### [The task]
Once you find the line containing "20-річний ветеран, якому, за", set down exactly that line and every one after it through the end of the listing below, with both ends included and any pictures omitted.

· · · · ·

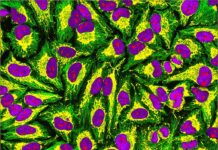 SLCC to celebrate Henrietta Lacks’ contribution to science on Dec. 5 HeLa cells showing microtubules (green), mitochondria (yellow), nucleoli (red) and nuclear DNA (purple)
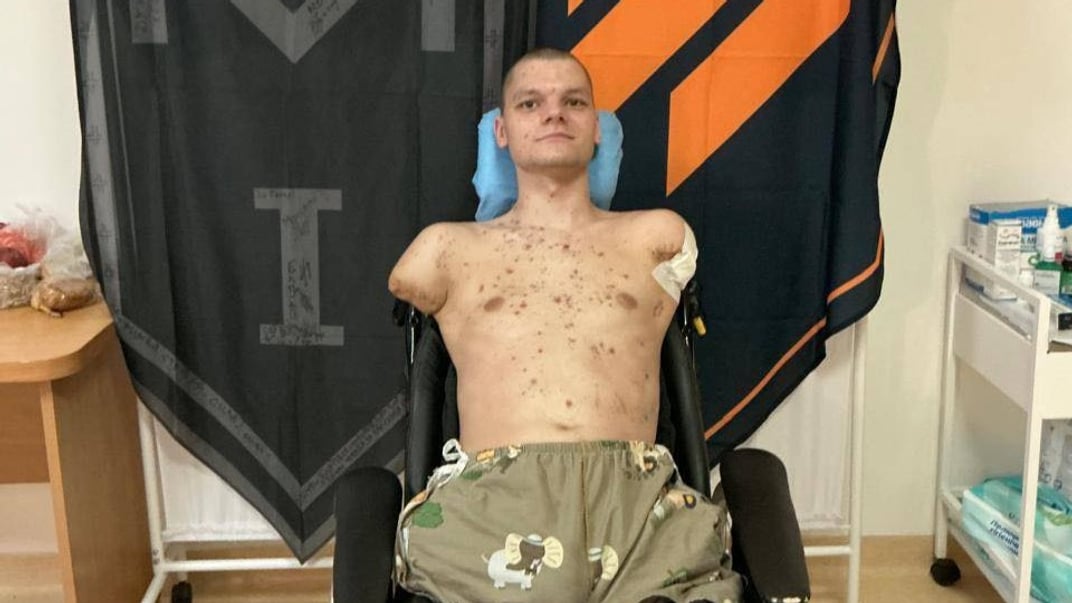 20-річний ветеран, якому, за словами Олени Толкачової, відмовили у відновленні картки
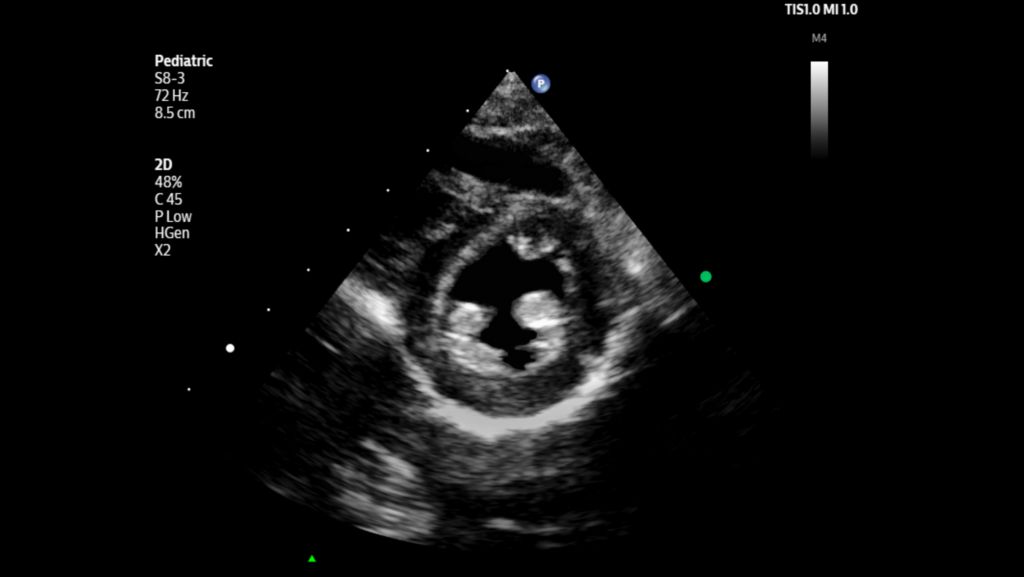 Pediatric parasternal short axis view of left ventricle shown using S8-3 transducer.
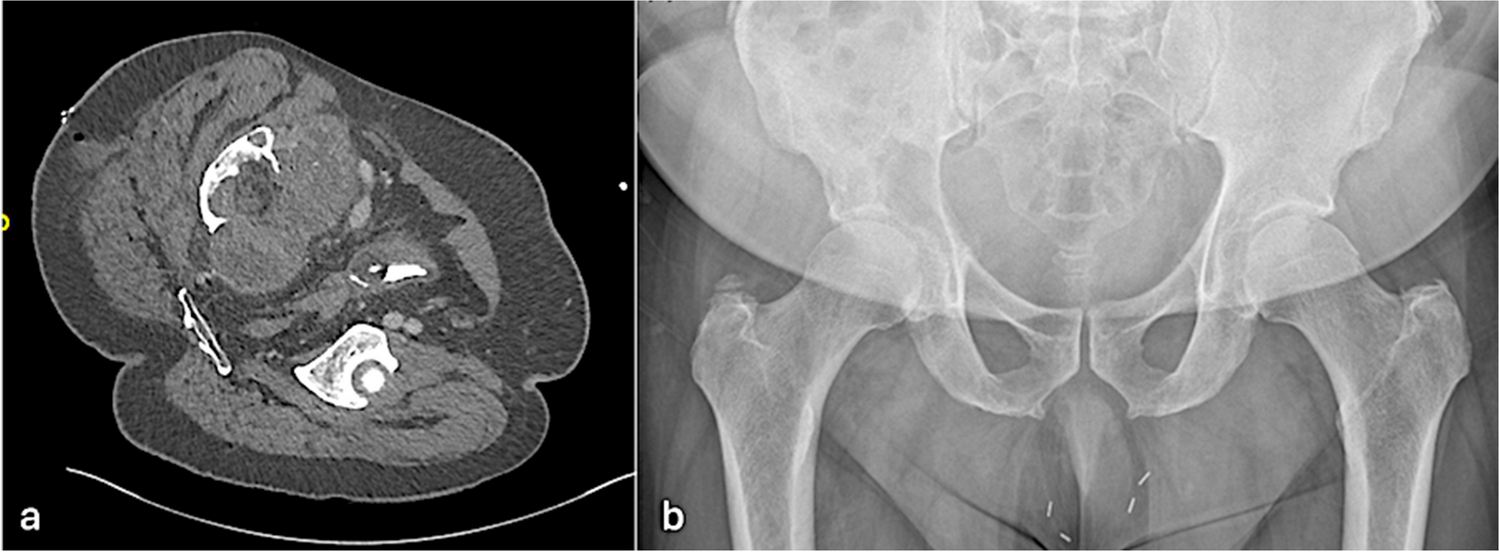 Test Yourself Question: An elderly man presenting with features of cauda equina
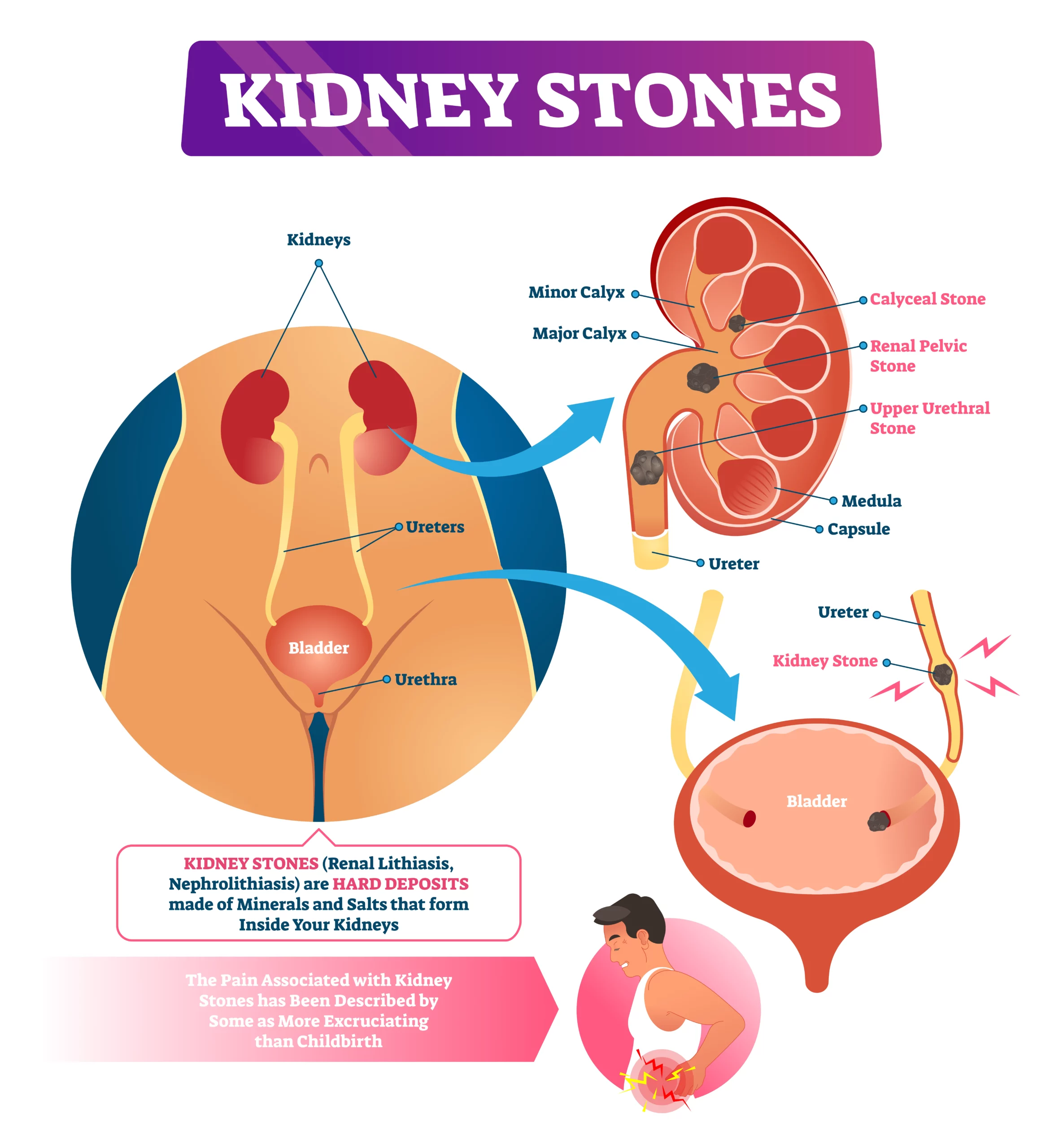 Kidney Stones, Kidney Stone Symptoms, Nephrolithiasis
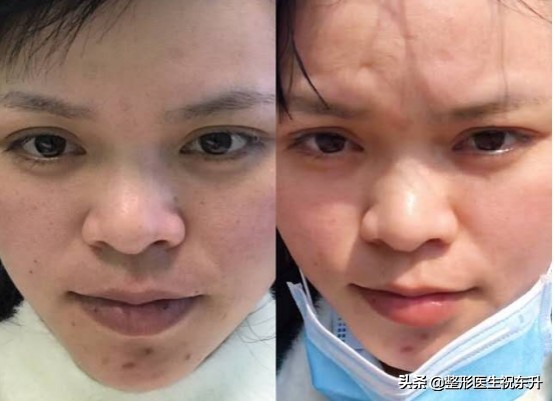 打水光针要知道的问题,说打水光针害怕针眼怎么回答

· · · · ·

### [Solution below]
 20-річний ветеран, якому, за словами Олени Толкачової, відмовили у відновленні картки
 Pediatric parasternal short axis view of left ventricle shown using S8-3 transducer.
 Test Yourself Question: An elderly man presenting with features of cauda equina
 Kidney Stones, Kidney Stone Symptoms, Nephrolithiasis
 打水光针要知道的问题,说打水光针害怕针眼怎么回答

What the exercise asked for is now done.